Por otro lado, no resulta extraña una propuesta tan pasiva. Malinterpretando, o simplemente haciendo una libre lectura de los filósofos antiguos, PKD parece apostar, como buen gnóstico, por dos ideas clave: pensar es hacer, y sólo pensando puede acabarse con la irracionalidad de la realidad. No se trata siquiera del intelectualismo moral de los griegos, quienes establecían una relación más estrecha entre el ethos y el logos. PKD, al estilo moderno, ve en esta fórmula una recepción de conocimientos cuya misma adquisición disipa la niebla, y permite al hombre profundizar, activamente, en el mundo. De los filósofos antiguos, uno de los que gusta citar es Parménides. Las dos vías parmenídeas son propuestas por PKD como una dicotomía ontológica, y la actitud posterior depende de la elección entre el conocimiento y la apariencia. Al partir de una dualidad fáctica (más propia de la modernidad que de la antigüedad) le resulta inconcebible, al menos de hecho, que la información no transforme la realidad como si el hombre fuera un demiurgo, sino de una manera directa, corporal y donde la revelación no baste para alcanzar la racionalidad y no sólo la descifre. Es más, en cierto sentido, tan siquiera la mente logra por sí sola superar la encriptación espectacular del mundo (espectacular en el sentido de que la representación falsa es como un espectáculo, o algo espectral, que encripta la realidad y lo convierte en una mera apariencia); requiere una inteligencia que tome contacto con nuestro pobre intelecto, que atraviese la falsedad y nos conceda la información necesaria, justo antes de volver a sumergirnos en las tinieblas de lo efímero.

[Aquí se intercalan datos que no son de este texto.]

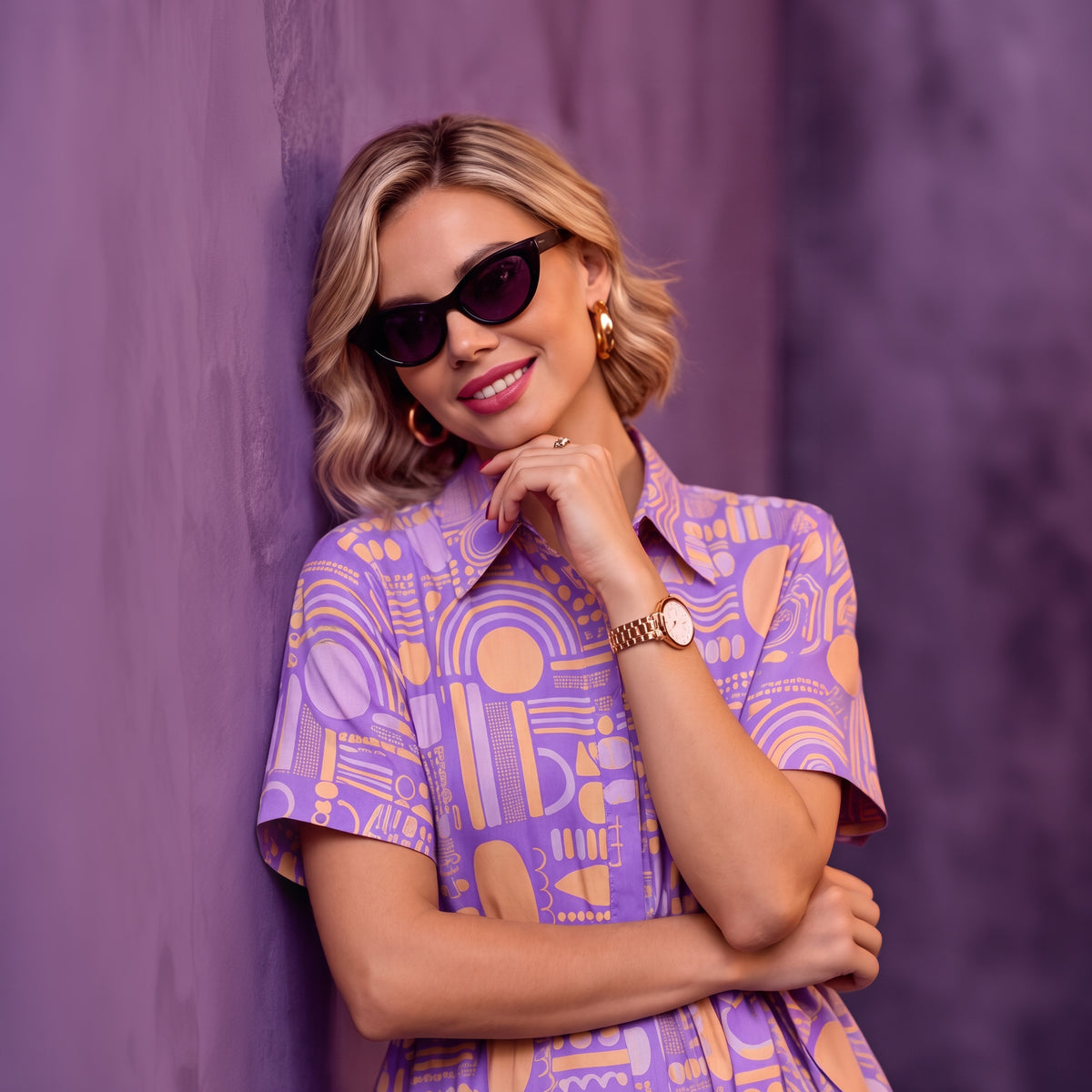 Purple tribe collar long dress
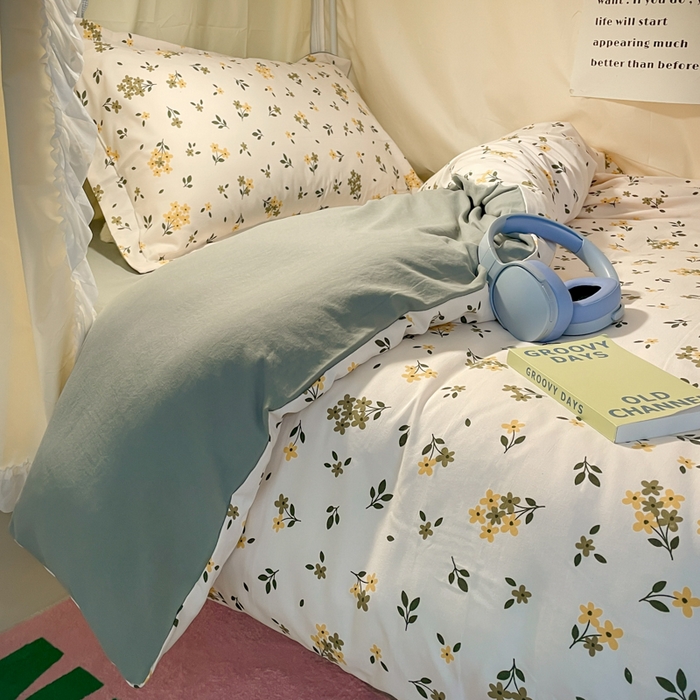 91家纺网 家纺一手货源 找家纺 爱彼家纺 2025新款加厚法式印花学生宿舍三件套上下铺三件套 花海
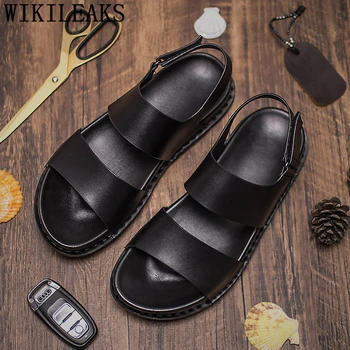 

Genuine Leather Sandals Men Open Shoes Mens Sandals Summer Designer Shoes Men Beach Sandals Plus Size Shoes Zapatos De Hombre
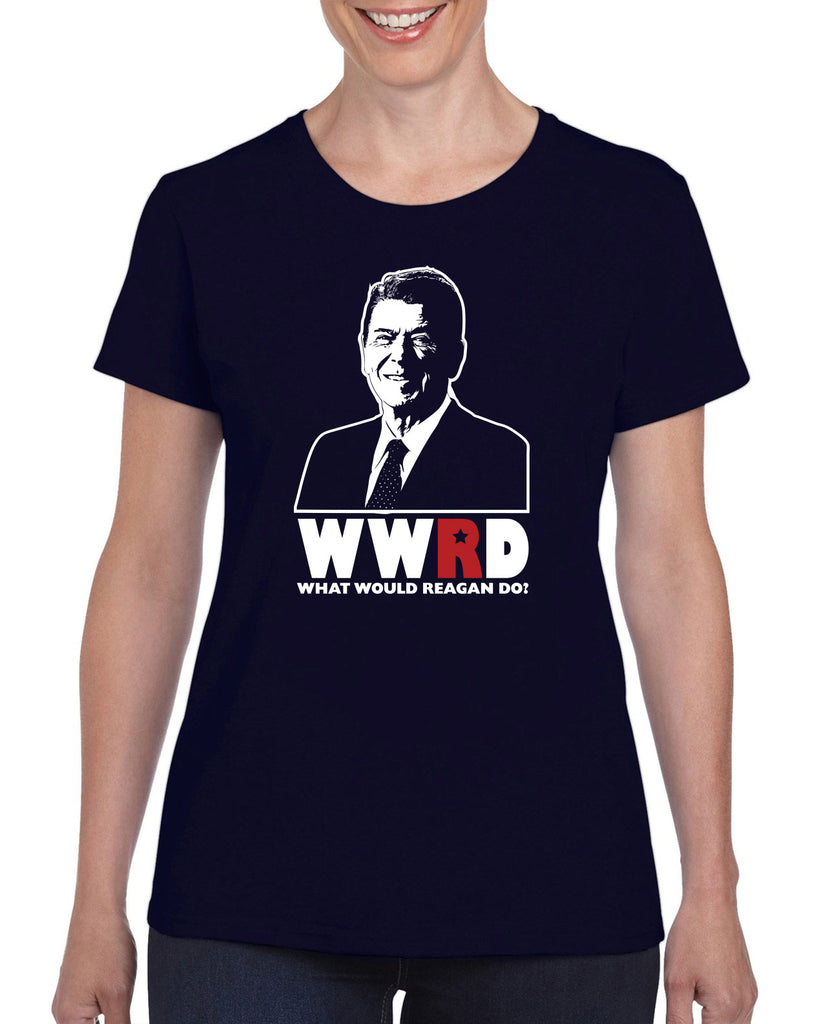 What Would Reagan Do? Bush 1984 Womens T-Shirt election campaign rally president 80s party costume vintage retro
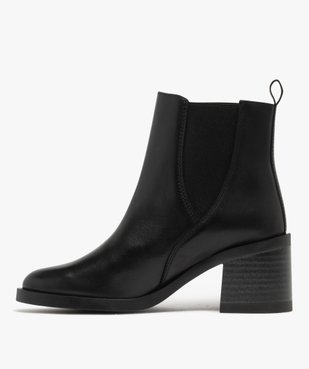 Bottines Chelsea en cuir à talon haut et large femme - Tanoo vue3 - TANEO - GEMO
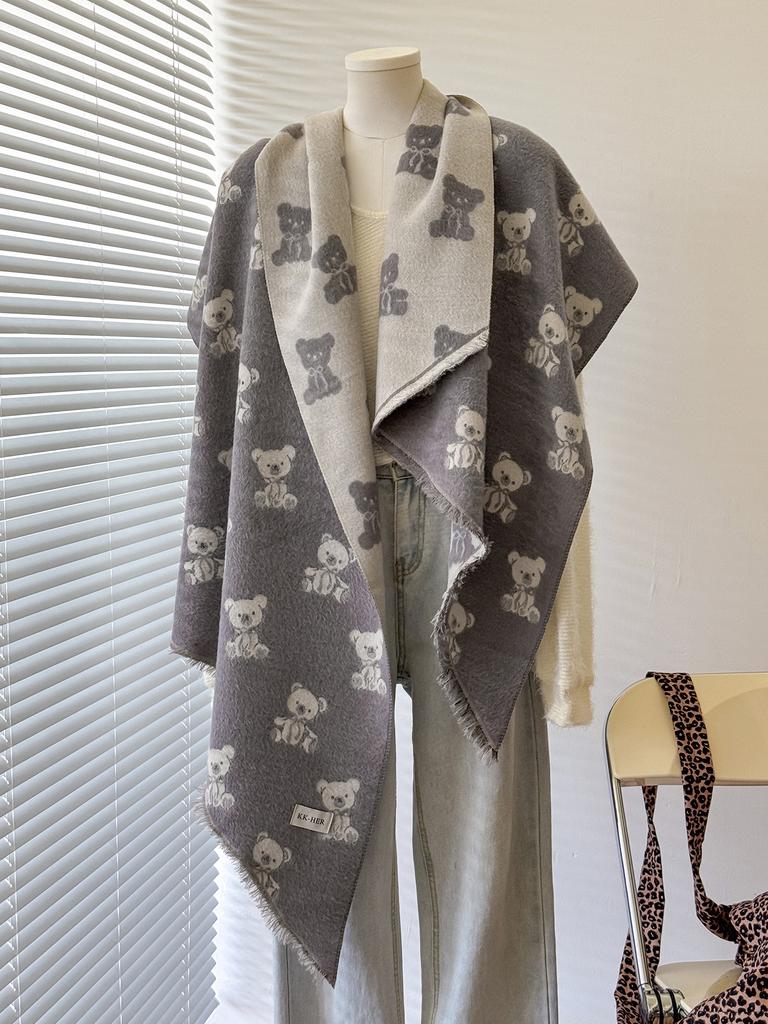 Women's Luxury Faux Cashmere Shawl Cute Teddy Bear Print Winter Wrap with Tassels Pashmina Bandana Style for 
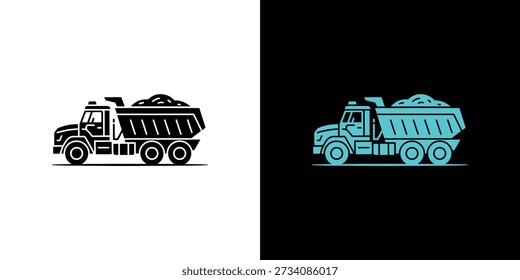 Dos variaciones de color de un icono de camión volquete, ideal para la construcción o transporte de marca.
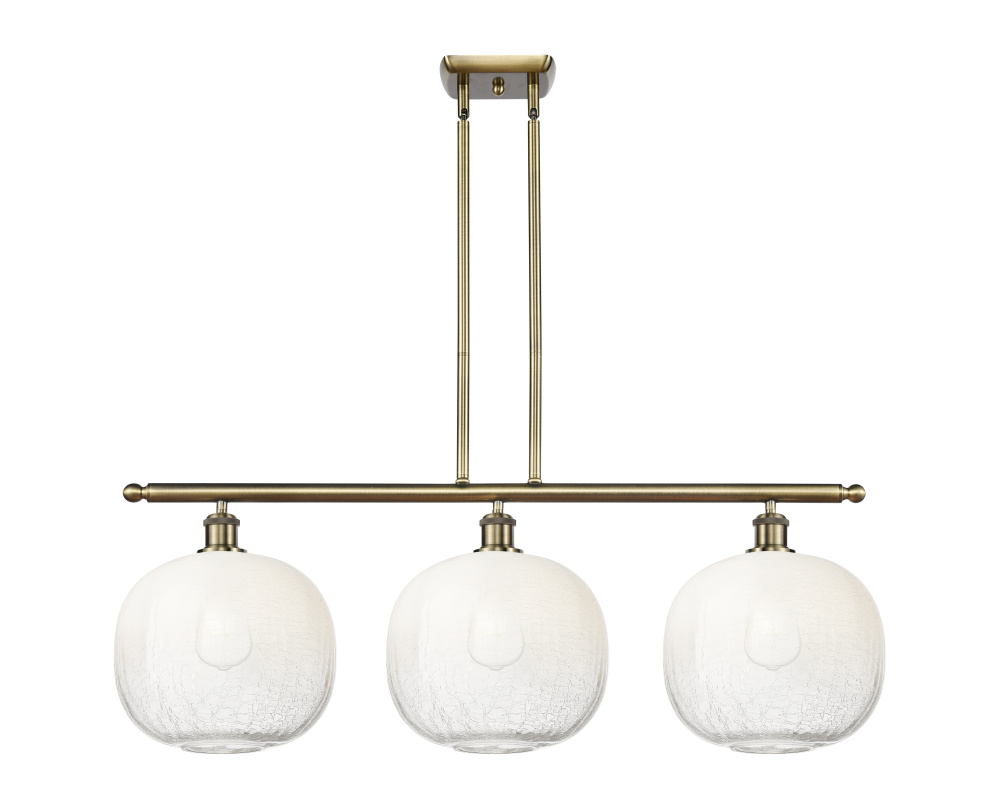 Brookhaven Sphere - 3 Light - 37 inch - Antique Brass - Stem Hung - Island Light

¡Extraño autor de ciencia-ficción éste, para quien la «ciencia» desaparece tras la metafísica, y para quien la «ficción» es la realidad! Su obra, como su vida, siempre fue sólo una arista, un nudo de hilos sueltos. Ubik es la incipiente mística que se fragua en un tiempo deslumbrado por la ciencia, un tiempo que se devora a sí mismo en el frenesí del negocio y la individualidad; una lectura obligada para todo aquel que quiera ver la ciencia-ficción puesta al límite, con un trasfondo y un registro inusitado, nunca repetido ni, desgraciadamente, valorado en su totalidad. Y en ello reside también ese carácter profético de PKD: haber generado la pasión y admiración por doquier desde el más rotundo silencio, latentemente, introduciendo sus dudas e incertidumbres en nuestro angostado cerebro. Y Ubik no es ni más ni menos que eso: el renacimiento de lo originario, la conquista sobre los objetos, la revancha de la voluntad. Ubik es necesario y adictivo como el agua.